Reviewed by Matthew Pitcher
Anthony Brunelli Fine Arts gallery is back at it again with another highly impressive exhibit. The “Summer Salon Group Exhibition,” on display through September, showcases 10 artists who employ a wide range of creative mediums and styles. The atmosphere of this show is like a carnival with the flashing lights in Sungchul Hong’s high-tech perceptual mirrors, the food appeal of Jae Yong Kim’s glimmering doughnut wall, the vendor memorabilia in Ray Gross’ larger-than-life paint tubes and brushes, and the oddity in Jamie Salmon’s hyperrealistic Phillip.
Salmon’s sculpture, a standout in the show, is scaled one to three (1:3) in proportion to the man’s face.

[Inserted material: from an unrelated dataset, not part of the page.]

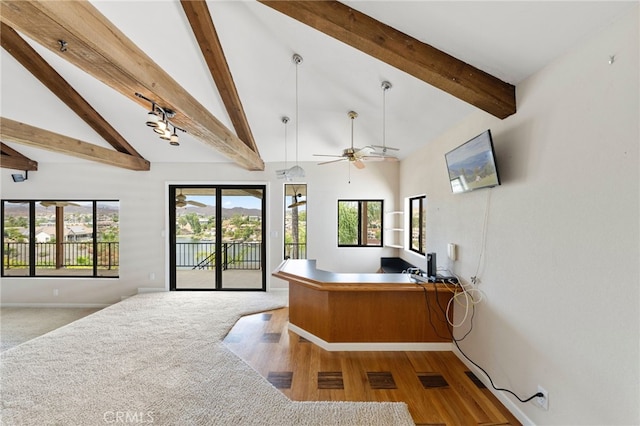 office area with beamed ceiling, wood-type flooring, a wealth of natural light, and ceiling fan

Its sheer presence is enough to leave you in awe. The viewer doesn’t know whether to be fearful or amazed by its life-like detail.
Realism was a dominating feature in the show with photorealism artworks from Bruce Evans, Charles Hartley and Richard Heisler. A personal favorite was Hartley’s tryptic painting, Glowing Water.

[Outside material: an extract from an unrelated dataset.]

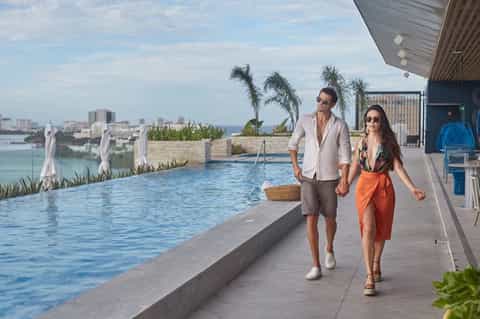 Couple walking along an infinity pool edge with waterfront city views and palm trees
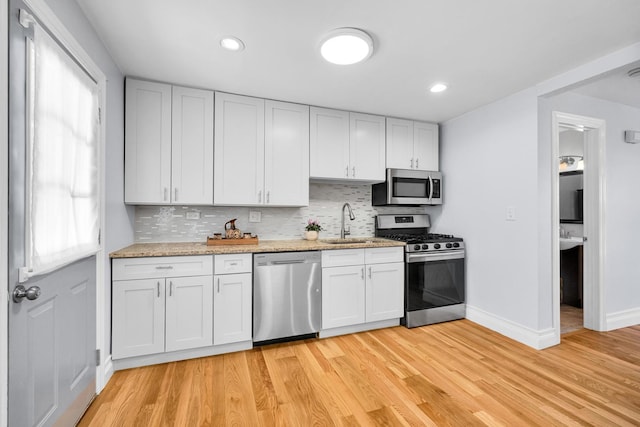 kitchen with light wood-style floors, tasteful backsplash, stainless steel appliances, and a sink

With the flashing lights in Perceptual mirror circle, Perceptual mirror A and Perceptual mirror B, Hong combines science and the aesthetic in an innovative art form. Using solar LCD units in Plexiglass, Hong ingeniously showcases some of our modern-day technology in action. The movement of the lights is mesmerizing, leaving you perplexed with how the contraption works.
Hong also is exhibiting String_hands_0326, a print on elastic strings in a steel plate. This illusionary artwork contains space that separates each individual string, but, once perceived as a whole, its printed image depicts the beautiful entanglement of human hands connected as one.

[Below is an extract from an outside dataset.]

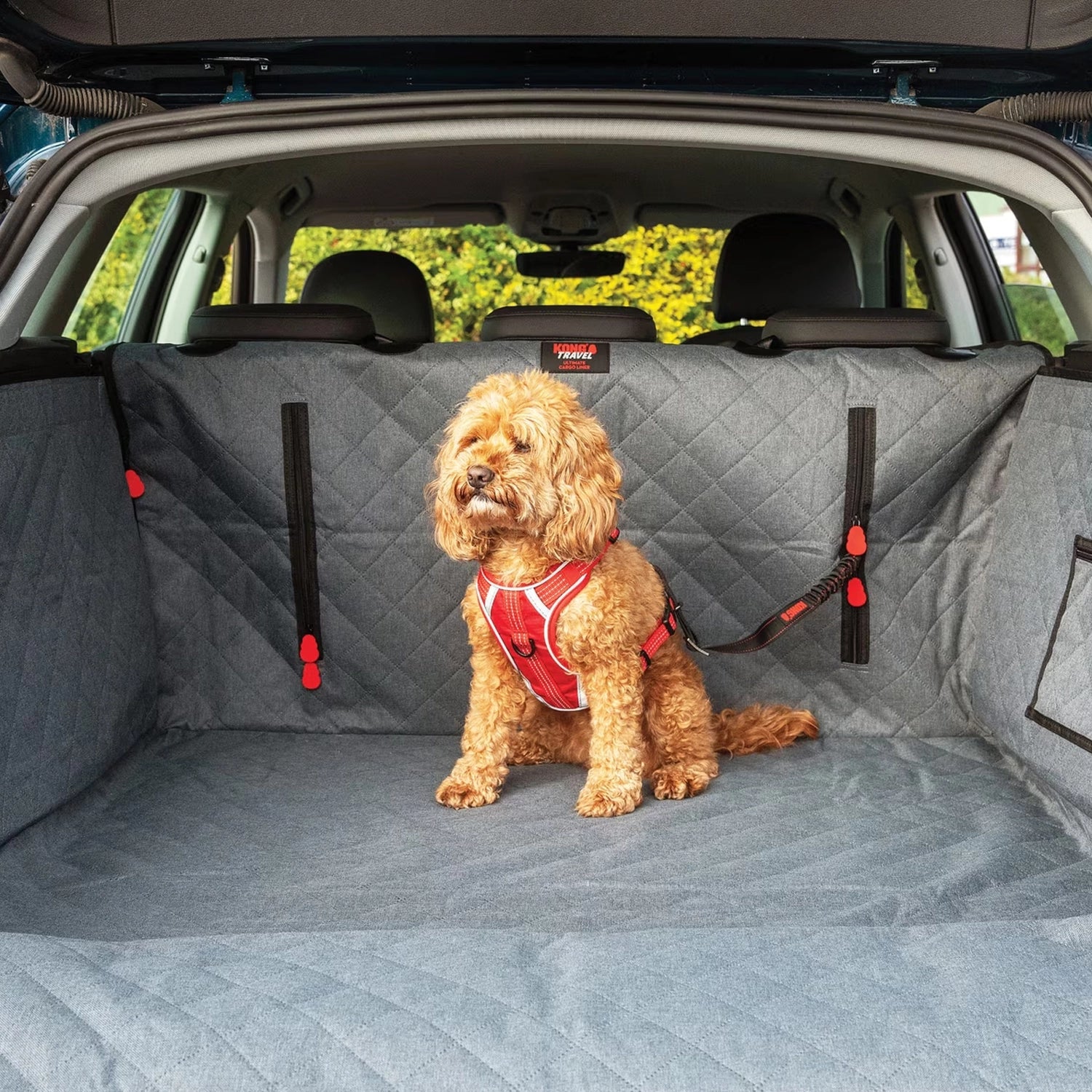KONG Protector de Maletero Ultimate con Correa de Seguridad instalado en un SUV, con perro usando arnés sobre la superficie acolchada.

Gross’ whimsical larger-than-life paint tubes and brushes feature blockbuster artists such as Dali, Picasso and Warhol right on the tubes. These would fit well in any painter’s studio as they already come with paint splattered on them.
A fan favorite of the exhibit was Korean artist Kim’s Donut think too much be happy or, as I like to call it, The Homer Simpson Doughnut Hall of Fame. This glimmering display of 151 hand-crafted ceramic doughnuts amazed viewers at July’s First Friday art walk. You could see individuals pointing to their favorite doughnut as each one had its own unique quality. No thought is needed to be happy about a spectacle like this. Even though not actually edible, the food was still inspiring.
Other artists in the exhibit are Alan Coulson, who displayed an oil painting of a beautiful women called Janis; Ernie Viverias, who had a stunning piece displayed right as you walk in called Dahlias in light, and Jeremy Penn, who display three mirrors with text embedded in them: Halo, Vice and my favorite, Desire.
IF YOU GO: The gallery, located on 186 State St., Binghamton, is open 6 to 9 p.m. on First Fridays, from noon to 4 p.m. on Saturdays and by appointment (call 607-624-3406).